Second, the less-aggressive Fed pivot will still occur, perhaps as early as the fourth quarter. According to the Fed’s estimates, interest rate increases will begin to slow in the coming months, and the last rate hike for this cycle could occur in March 2023 or sooner. If that turns out to be the case, and the Fed signals to markets that this rate hike cycle is approaching its end, that will likely be a materially positive catalyst for both stocks and bonds, and that’s evidenced by the July and August rallies that were driven by hopes of a less-aggressive Fed.
Finally, amidst a difficult macroeconomic backdrop, the U.S. economy and corporate America have proven impressively resilient. Most measures of U.S. economic growth remain in solid shape, while U.S. corporate earnings estimates have stayed largely elevated, and the widespread earnings declines that were feared back in early 2022 simply have not materialized.
Bottom line, the outlook for markets and the economy remains challenged, but investors have priced in a lot of “bad” news already, with valuations now at levels that are historically attractive. Additionally, sentiment is as pessimistic as it was during the depths of the financial crisis, and if inflation suddenly decelerates quickly, the Fed signals a clear end to rate hikes, or there’s positive geopolitical news, the potential is there for a powerful rally in both stocks and bonds.

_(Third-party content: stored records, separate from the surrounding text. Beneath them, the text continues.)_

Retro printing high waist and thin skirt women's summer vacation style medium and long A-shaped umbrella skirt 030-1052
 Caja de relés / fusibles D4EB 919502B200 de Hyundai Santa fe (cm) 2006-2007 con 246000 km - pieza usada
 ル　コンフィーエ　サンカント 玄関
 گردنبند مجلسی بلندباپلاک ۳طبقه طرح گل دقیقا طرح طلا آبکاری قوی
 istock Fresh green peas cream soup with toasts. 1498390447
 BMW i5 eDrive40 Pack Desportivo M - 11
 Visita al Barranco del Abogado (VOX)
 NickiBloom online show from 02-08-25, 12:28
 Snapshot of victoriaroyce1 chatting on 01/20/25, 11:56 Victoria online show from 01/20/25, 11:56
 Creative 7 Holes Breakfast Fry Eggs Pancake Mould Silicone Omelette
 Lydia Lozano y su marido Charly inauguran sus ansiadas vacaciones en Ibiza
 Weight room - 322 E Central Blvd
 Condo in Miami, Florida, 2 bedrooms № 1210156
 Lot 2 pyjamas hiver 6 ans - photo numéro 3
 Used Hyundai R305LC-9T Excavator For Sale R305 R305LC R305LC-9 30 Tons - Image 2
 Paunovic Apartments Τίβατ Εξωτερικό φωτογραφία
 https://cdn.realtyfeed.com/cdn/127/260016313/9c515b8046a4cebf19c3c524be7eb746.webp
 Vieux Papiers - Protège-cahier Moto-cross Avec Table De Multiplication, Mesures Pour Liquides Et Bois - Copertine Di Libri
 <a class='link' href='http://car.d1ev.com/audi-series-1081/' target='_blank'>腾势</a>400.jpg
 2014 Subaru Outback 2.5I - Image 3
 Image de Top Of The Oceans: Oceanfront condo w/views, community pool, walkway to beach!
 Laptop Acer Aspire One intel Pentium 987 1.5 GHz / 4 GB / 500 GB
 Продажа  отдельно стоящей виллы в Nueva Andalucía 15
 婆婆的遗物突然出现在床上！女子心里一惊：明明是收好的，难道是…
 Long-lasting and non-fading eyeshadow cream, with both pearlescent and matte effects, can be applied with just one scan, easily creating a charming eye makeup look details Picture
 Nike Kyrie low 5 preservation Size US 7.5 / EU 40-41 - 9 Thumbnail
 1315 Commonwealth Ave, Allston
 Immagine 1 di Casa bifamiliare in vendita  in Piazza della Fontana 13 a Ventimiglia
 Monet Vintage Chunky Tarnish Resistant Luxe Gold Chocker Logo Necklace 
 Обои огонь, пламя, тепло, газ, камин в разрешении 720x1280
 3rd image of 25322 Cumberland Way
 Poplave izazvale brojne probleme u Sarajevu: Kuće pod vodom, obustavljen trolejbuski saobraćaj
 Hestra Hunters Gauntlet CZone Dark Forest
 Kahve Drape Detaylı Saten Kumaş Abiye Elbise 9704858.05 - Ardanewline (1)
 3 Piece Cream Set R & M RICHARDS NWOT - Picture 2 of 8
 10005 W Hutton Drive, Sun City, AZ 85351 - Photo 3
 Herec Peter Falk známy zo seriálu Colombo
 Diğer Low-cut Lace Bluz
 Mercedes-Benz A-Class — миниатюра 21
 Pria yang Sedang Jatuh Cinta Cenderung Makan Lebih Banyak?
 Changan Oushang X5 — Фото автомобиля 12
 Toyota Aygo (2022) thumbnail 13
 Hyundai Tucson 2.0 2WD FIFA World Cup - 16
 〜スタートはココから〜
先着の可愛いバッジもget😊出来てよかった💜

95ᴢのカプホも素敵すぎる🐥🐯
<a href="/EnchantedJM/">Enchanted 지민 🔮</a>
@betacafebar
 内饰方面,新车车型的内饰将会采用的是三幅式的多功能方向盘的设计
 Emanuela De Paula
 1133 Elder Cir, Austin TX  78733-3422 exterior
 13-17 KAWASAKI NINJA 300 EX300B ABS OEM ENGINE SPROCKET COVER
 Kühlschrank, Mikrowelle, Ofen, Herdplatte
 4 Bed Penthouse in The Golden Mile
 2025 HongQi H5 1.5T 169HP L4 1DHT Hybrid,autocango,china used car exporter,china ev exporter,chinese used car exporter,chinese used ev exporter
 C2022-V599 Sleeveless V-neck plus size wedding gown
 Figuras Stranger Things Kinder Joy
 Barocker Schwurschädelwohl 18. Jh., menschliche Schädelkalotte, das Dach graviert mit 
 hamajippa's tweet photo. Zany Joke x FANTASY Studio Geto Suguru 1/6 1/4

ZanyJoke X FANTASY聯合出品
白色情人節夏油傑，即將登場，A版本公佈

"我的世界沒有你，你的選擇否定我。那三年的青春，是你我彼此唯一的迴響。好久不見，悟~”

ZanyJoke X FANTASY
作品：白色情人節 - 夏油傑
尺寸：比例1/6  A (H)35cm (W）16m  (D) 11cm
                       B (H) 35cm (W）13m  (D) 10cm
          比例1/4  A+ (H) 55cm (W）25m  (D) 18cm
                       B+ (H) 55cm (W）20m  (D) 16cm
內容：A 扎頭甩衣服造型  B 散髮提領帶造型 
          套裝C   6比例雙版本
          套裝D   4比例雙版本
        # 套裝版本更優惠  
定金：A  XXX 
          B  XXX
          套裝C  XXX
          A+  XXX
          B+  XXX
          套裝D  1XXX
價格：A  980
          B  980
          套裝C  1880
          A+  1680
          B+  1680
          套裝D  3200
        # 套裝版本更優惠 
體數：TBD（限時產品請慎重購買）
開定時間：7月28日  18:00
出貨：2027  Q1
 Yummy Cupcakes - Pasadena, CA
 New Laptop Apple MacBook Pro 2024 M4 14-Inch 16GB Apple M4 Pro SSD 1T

This is a difficult market and a complicated moment for the world, but history is clear: Positive surprises can and have occurred even in difficult times such as this, and through periods of similar turmoil, markets eventually recouped the losses and moved to meaningful new highs. There is no reason to think this time will be any different.
At Brixton Capital Wealth Advisors, we understand the risks facing both the markets and the economy, and we are committed to helping you effectively navigate this challenging investment environment.
Successful investing is a marathon, not a sprint, and even extended bouts of volatility like we’ve experienced so far this year are unlikely to alter a diversified approach set up to meet your long-term investment goals.
Therefore, it’s critical to stay invested, remain patient, and stick to the plan, as we’ve worked with you to establish a unique, personal allocation target based on your financial position, risk tolerance, and investment timeline.